Hogan v. Hogan

855 S.W.2d 905, 313 Ark. 374, 1993 Ark. LEXIS 346
CourtSupreme Court of Arkansas
DecidedJune 7, 1993
Docket92-1347
StatusPublished
Cited by8 cases

This text of 855 S.W.2d 905 (Hogan v. Hogan) is published on Counsel Stack Legal Research, covering Supreme Court of Arkansas primary law. Counsel Stack provides free access to over 12 million legal documents including statutes, case law, regulations, and constitutions.

Bluebook
Hogan v. Hogan, 855 S.W.2d 905, 313 Ark. 374, 1993 Ark. LEXIS 346 (Ark. 1993).

Opinion

Steele Hays, Justice.

John Hogan, appellant, is the eighty-nine year old father of the appellees, Robert Hogan and Betty DeJarnett. The three were joint tenants of a $99,402 Certificate of Deposit (CD) purchased by John Hogan with funds allegedly belonging entirely to him.
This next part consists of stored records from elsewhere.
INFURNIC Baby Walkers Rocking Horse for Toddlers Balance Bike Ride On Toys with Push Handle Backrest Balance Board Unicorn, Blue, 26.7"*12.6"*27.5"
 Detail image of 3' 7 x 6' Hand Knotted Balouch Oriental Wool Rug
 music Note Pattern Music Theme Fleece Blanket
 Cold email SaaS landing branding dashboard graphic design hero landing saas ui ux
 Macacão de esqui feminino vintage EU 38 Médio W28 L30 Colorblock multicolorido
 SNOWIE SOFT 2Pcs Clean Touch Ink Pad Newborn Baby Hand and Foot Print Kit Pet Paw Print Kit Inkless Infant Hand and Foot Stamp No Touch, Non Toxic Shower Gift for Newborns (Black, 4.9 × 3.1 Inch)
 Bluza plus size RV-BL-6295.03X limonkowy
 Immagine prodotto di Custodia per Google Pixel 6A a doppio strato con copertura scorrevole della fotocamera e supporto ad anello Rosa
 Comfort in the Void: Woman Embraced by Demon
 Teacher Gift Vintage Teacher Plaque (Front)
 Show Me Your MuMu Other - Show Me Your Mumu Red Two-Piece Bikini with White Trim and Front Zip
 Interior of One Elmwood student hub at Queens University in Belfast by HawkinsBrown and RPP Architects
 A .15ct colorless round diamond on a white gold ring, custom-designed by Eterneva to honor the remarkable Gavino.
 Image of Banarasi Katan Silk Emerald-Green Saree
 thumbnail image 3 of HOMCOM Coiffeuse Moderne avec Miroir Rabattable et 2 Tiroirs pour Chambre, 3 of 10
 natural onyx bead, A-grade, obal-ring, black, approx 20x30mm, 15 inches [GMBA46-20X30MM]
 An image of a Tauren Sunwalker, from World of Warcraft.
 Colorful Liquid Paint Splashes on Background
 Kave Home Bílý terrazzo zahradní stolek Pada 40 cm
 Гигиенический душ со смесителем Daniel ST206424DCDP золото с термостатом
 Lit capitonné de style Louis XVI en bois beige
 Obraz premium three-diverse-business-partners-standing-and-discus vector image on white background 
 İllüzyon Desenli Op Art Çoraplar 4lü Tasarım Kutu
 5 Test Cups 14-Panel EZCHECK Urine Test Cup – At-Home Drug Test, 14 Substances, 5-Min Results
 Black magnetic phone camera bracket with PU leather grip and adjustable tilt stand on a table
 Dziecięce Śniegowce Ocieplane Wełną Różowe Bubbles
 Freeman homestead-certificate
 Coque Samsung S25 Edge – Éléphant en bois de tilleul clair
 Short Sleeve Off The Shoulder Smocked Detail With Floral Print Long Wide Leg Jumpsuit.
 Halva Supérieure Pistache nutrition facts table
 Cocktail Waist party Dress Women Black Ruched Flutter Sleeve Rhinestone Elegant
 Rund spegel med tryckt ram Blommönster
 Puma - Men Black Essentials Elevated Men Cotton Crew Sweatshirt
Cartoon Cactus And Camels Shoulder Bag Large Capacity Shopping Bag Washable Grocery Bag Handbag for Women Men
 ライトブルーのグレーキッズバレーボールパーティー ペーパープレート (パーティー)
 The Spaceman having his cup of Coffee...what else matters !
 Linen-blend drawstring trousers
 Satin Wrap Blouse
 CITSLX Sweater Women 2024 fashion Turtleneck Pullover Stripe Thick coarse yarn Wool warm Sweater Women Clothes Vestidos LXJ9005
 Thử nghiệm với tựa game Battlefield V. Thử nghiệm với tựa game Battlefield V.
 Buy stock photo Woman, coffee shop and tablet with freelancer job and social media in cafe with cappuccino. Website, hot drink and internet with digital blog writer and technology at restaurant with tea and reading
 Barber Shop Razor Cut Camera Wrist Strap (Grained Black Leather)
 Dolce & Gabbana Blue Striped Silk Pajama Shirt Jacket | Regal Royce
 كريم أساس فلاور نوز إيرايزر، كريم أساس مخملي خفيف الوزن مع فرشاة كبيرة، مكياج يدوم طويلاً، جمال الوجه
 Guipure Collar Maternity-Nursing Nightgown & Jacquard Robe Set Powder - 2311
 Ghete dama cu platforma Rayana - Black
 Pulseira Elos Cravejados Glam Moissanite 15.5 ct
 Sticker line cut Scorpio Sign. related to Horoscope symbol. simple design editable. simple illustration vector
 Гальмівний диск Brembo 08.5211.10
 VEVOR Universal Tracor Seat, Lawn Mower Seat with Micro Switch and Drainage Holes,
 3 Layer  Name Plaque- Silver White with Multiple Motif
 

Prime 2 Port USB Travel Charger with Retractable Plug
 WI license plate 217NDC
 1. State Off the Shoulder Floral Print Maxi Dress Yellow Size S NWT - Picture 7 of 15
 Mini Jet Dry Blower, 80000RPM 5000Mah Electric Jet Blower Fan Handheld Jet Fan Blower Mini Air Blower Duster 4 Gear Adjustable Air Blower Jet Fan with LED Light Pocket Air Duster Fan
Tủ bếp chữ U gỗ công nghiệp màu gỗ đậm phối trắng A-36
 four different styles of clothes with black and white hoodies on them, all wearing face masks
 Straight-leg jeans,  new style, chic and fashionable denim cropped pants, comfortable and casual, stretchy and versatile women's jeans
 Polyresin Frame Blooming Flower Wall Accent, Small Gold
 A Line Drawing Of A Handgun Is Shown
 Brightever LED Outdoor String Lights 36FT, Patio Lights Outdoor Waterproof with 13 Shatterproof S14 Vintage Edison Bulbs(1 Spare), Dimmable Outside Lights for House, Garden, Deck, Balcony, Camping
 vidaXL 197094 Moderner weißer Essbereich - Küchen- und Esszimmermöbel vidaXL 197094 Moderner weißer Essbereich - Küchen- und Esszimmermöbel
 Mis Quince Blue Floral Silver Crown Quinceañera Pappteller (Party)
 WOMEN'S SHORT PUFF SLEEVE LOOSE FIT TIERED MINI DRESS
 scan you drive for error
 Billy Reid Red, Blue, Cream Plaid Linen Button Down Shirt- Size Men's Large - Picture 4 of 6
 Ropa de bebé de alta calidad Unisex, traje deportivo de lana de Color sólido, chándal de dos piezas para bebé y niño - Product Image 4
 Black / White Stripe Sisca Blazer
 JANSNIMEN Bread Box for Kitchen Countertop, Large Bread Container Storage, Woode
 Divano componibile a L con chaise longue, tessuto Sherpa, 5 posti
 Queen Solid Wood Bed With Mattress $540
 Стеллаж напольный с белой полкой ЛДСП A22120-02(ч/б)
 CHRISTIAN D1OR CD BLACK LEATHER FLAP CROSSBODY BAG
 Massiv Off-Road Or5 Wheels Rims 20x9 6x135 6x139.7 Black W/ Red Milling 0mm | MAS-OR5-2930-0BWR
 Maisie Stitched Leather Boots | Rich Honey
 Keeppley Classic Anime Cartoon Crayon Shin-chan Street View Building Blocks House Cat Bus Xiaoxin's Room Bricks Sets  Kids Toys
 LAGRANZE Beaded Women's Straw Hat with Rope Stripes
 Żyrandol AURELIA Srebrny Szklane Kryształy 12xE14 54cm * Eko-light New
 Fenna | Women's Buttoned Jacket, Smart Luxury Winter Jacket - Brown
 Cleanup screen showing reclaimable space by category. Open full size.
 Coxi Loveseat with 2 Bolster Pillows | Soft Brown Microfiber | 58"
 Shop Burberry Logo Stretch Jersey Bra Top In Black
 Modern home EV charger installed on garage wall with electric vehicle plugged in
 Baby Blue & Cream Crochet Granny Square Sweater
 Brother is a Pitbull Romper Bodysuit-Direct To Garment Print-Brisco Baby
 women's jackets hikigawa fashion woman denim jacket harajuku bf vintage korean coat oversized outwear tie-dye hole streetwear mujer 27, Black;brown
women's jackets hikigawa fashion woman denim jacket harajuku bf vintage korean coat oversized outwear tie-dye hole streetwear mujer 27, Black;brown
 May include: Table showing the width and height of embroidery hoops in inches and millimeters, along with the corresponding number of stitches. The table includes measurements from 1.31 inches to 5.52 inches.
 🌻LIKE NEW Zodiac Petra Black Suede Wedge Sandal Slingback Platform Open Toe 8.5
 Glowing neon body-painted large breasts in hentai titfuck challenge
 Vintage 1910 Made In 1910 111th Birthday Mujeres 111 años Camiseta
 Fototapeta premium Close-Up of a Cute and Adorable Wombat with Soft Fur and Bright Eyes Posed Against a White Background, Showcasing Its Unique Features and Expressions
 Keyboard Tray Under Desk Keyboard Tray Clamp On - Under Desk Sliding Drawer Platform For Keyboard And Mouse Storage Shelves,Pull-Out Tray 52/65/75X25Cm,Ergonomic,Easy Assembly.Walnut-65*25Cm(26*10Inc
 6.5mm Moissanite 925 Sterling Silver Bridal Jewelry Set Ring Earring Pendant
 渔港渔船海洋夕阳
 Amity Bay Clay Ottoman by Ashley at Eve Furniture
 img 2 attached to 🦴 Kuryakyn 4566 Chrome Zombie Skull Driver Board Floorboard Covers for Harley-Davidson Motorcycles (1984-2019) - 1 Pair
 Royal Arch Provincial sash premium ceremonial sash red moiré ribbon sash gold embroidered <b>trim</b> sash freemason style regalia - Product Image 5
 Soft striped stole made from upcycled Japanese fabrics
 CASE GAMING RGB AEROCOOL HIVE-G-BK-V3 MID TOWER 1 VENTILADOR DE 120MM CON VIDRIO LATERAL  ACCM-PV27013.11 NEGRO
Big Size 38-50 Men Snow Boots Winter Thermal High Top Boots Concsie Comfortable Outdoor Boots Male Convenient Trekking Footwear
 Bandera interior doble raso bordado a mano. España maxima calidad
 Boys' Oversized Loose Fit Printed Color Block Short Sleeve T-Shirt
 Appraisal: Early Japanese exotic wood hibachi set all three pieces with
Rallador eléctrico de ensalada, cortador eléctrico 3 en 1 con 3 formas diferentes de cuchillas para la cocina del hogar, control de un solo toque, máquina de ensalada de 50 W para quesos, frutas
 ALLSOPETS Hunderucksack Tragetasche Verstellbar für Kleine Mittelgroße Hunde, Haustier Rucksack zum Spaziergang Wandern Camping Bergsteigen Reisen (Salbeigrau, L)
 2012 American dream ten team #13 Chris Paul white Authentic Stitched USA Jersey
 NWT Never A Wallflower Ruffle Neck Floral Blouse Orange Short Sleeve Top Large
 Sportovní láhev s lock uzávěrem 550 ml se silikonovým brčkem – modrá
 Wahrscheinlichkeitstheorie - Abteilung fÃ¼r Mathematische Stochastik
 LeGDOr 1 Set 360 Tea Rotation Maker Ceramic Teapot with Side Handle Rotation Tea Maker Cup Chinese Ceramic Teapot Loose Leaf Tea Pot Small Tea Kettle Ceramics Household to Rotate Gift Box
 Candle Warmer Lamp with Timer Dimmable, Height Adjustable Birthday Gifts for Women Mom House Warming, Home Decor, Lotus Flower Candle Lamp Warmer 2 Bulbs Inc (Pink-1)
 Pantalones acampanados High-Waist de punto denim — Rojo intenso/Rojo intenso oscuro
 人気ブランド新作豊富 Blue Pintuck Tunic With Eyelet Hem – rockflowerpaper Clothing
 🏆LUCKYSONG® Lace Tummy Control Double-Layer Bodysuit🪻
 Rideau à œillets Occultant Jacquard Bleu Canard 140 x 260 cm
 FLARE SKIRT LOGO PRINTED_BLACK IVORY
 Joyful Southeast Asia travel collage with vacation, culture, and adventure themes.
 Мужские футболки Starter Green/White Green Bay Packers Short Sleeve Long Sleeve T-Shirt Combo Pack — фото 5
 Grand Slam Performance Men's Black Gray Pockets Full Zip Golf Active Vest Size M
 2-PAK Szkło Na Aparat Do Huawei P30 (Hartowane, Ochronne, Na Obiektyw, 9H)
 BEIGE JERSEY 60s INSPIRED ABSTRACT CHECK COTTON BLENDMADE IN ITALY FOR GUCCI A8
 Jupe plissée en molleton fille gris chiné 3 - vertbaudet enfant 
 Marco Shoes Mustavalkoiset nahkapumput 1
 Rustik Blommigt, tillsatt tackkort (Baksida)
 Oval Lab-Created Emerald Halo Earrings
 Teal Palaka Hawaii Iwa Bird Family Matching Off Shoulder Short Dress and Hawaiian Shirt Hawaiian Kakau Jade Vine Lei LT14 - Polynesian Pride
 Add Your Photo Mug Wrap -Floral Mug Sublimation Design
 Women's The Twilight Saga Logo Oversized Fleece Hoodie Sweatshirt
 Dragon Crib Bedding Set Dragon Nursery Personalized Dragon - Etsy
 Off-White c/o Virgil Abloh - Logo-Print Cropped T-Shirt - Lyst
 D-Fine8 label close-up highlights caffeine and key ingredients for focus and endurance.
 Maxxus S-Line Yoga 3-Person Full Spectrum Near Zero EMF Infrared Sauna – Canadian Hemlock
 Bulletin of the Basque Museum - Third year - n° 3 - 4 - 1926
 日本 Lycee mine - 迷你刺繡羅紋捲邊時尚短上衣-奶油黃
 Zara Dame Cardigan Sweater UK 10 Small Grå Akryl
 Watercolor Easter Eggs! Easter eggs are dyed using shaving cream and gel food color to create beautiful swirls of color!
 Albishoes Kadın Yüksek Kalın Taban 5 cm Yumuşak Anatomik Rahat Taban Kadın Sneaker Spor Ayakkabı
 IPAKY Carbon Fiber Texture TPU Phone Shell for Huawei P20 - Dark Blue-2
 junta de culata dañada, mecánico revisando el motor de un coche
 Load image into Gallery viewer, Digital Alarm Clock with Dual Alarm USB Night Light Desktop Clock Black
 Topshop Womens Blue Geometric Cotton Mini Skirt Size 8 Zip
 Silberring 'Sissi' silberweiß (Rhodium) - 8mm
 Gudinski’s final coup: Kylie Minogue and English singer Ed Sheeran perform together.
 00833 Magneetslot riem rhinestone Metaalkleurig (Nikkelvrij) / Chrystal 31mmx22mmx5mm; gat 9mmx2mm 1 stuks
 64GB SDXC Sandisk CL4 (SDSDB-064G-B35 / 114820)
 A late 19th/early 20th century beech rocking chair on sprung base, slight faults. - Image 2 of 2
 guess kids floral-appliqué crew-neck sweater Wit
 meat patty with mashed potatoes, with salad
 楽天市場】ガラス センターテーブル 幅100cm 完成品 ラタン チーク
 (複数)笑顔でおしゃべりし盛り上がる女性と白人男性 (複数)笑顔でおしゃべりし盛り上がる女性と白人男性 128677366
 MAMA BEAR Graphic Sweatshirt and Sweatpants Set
On January 15,1992, Robert Hogan presented the CD to the bank and redeemed it for a check payable to Robert Hogan or Betty DeJarnett. John Hogan was informed of this action on February 8,1992, when he went to the bank to renew the CD and learned it had been withdrawn by his son.

John Hogan promptly filed this suit against Robert and Betty, alleging that:

1) The CD had been removed by Robert from John’s home, at some time when John was not at home and was converted without his knowledge or consent;
2) The CD had been cashed by Robert and demand had been made on both Robert and Betty for return of the funds but the request was ignored or refused;
3) That John had placed the names of his children on the CD so they would have survivorship rights to the funds in the event of his death and there was an oral agreement between John and his children that their names were on the instrument only so they would have survivorship rights and the children would have no right to obtain the funds while their father was still alive;
4) That John’s livelihood was dependent on the monthly interest that was generated from the CD and he was no longer in receipt of those monthly payments.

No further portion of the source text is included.